Perché poi la scuola calcio non è solo l’insegnamento del gioco del pallone, ma è anche una scuola di vita in un certo senso…
“Esatto. Gli allenatori-istruttori più bravi sono quelli che riescono ad andare oltre i valori tecnici, che riescono a creare quel grado di empatia con la squadra, come se ci fosse una sorta di magia in campo tra loro e i bambini, dal momento in cui arrivano al campo di allenamento, quando riescono a liberarsi di tutte quelle ansie, quelle paure, e riescono ad essere liberi di esprimersi. Parallelamente io vorrei che questi… chiamiamoli giocatori, non più bambini, quando vanno in campo il sabato e la domenica ritrovino quella magia che possa dare una marcia in più, una spinta in più per andare a giocare una partita tutto cuore. A me piacerebbe creare questo tipo di alchimia tra istruttori e squadra, che sarebbe fondamentale. Forse avremmo raggiunto l’obiettivo primario dell’anno.”

 

Quanto è importante invece la sinergia con tutte parti delle società e con Emiliano Pontesilli, con cui lavorerai a stretto contatto?

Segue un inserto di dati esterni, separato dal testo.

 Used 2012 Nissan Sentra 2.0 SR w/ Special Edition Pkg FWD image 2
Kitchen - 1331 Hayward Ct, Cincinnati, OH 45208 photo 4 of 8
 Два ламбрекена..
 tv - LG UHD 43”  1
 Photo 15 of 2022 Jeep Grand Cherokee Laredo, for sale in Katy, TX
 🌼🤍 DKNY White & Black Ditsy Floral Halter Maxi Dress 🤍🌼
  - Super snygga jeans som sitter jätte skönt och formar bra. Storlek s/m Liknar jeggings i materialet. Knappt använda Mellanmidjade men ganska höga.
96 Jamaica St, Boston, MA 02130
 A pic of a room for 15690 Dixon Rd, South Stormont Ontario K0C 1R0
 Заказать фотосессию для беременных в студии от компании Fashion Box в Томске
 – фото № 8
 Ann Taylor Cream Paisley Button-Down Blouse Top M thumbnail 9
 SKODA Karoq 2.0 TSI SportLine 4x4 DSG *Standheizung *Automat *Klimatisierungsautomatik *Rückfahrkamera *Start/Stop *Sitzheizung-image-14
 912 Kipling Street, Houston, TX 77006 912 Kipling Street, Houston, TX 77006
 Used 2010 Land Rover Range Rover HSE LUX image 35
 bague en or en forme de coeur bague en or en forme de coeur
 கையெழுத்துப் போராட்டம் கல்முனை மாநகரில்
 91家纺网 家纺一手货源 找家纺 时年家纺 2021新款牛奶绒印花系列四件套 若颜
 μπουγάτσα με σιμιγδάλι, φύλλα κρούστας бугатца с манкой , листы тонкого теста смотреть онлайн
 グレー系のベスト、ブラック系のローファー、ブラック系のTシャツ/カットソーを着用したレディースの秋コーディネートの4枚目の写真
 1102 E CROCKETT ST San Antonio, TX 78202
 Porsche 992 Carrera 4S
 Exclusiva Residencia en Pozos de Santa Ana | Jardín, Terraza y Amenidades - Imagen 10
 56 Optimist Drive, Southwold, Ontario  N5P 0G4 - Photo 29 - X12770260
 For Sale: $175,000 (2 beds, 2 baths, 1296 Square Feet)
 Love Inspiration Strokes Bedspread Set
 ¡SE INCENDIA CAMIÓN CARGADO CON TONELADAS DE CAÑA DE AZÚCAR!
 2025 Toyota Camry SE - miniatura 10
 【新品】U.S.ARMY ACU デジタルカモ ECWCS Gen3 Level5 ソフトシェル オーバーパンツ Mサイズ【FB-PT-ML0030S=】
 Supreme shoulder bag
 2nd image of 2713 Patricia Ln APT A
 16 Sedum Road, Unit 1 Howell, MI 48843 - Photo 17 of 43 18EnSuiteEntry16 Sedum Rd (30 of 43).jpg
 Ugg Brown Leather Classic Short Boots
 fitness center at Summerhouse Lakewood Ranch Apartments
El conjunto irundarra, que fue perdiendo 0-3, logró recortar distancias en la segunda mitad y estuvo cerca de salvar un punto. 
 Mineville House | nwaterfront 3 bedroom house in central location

“Lavorare in una società così importante e credere di poterlo fare da solo, in modo autonomo, è impensabile. Inevitabilmente ti devo parlare di sinergie che coinvolgono non solo la segreteria, quella della scuola calcio e in particolare la persona di Franco Pizziconi. Ma coinvolgono anche la segreteria dell’agonistica, basti pensare alle problematiche legate all’organizzazione dei campi. Se non c’è comunicazione tra le segreterie si va in difficoltà. Una sinergia tecnica invece con Emiliano Pontesilli che stimo moltissimo sia come istruttore, sia come uomo, anche perché prima di accettare la proposta del Savio ho avuto un incontro personale con Emiliano in cui ci siamo confrontati e abbiamo travato la giusta sintonia. Ora dovremo continuare a parlare di tantissime cose. Perché a volte sembra che per fare il direttore di una scuola calcio basta divulgare il verbo: “andate e allenate”. Ma non è così. C’è un’organizzazione dietro che se non è meticolosa, da parte da tutte le componenti che coinvolgono la società, a cominciare dal presidente, è impossibile portarla avanti in modo univoco. Per forza di cose ti vai a perdere qualcosa. Quindi sarei un pazzo se scegliessi di agire in modo totalmente autonomo.”